# [What you have to do]
Leaving out the images, reproduce every line of the data that follows exactly.

# [Given information]
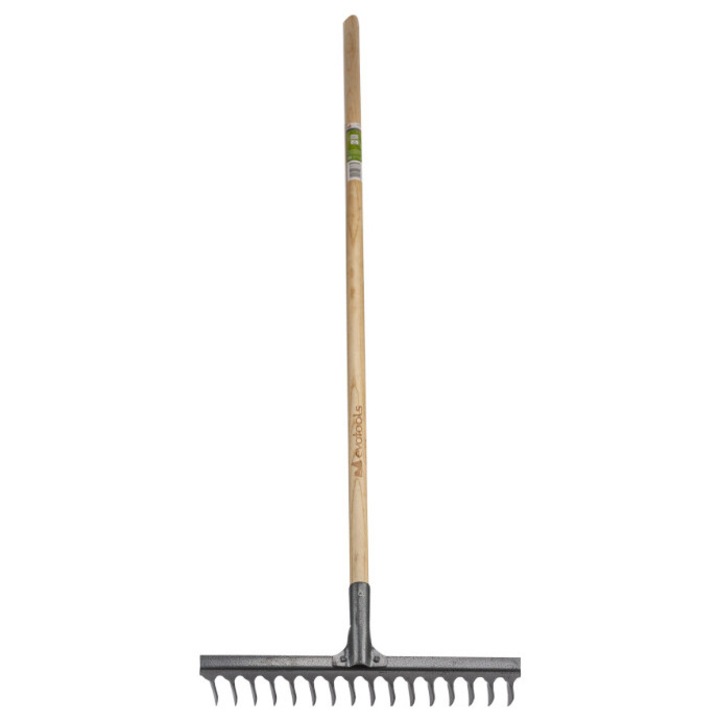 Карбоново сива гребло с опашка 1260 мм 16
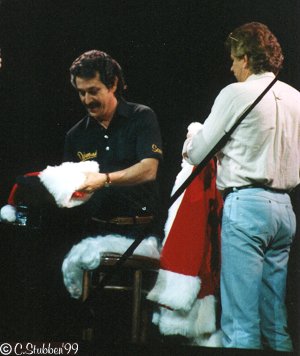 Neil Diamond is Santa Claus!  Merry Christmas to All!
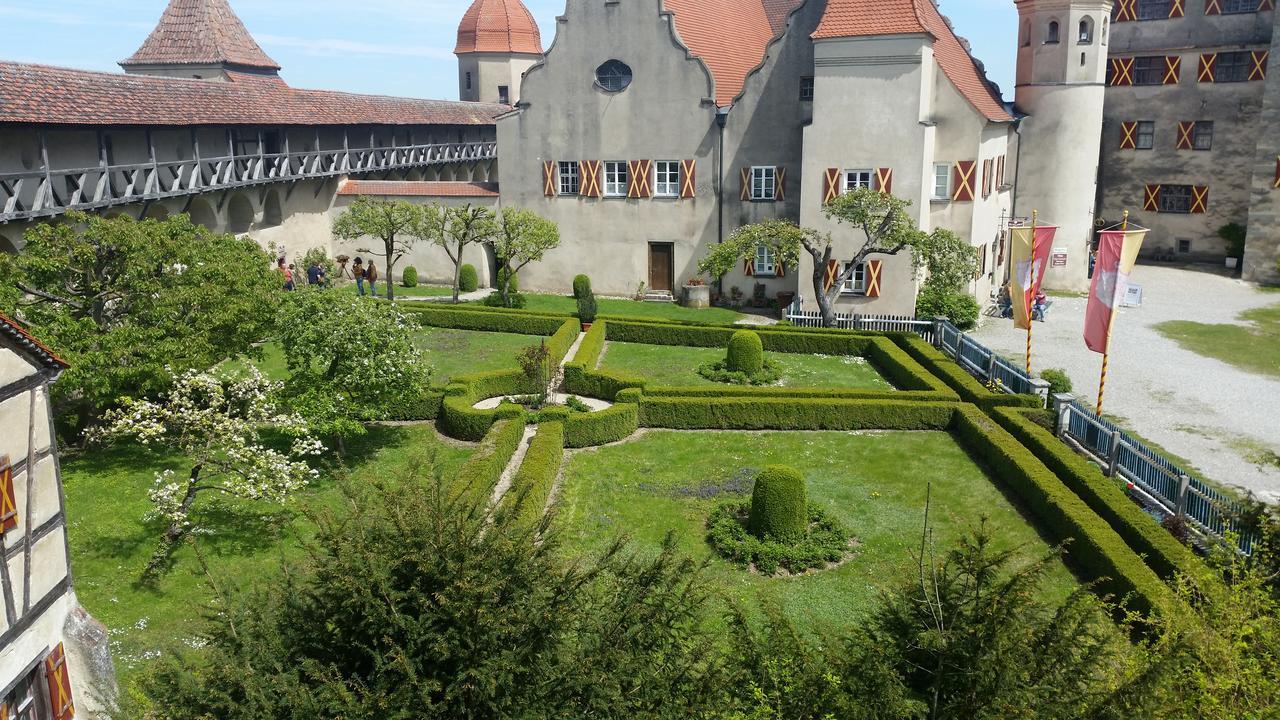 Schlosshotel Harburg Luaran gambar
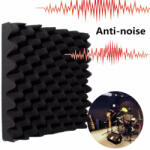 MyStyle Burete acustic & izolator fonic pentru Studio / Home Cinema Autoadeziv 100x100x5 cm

# [Result of this task]
 Карбоново сива гребло с опашка 1260 мм 16
 Neil Diamond is Santa Claus!  Merry Christmas to All!
 Schlosshotel Harburg Luaran gambar
 MyStyle Burete acustic & izolator fonic pentru Studio / Home Cinema Autoadeziv 100x100x5 cm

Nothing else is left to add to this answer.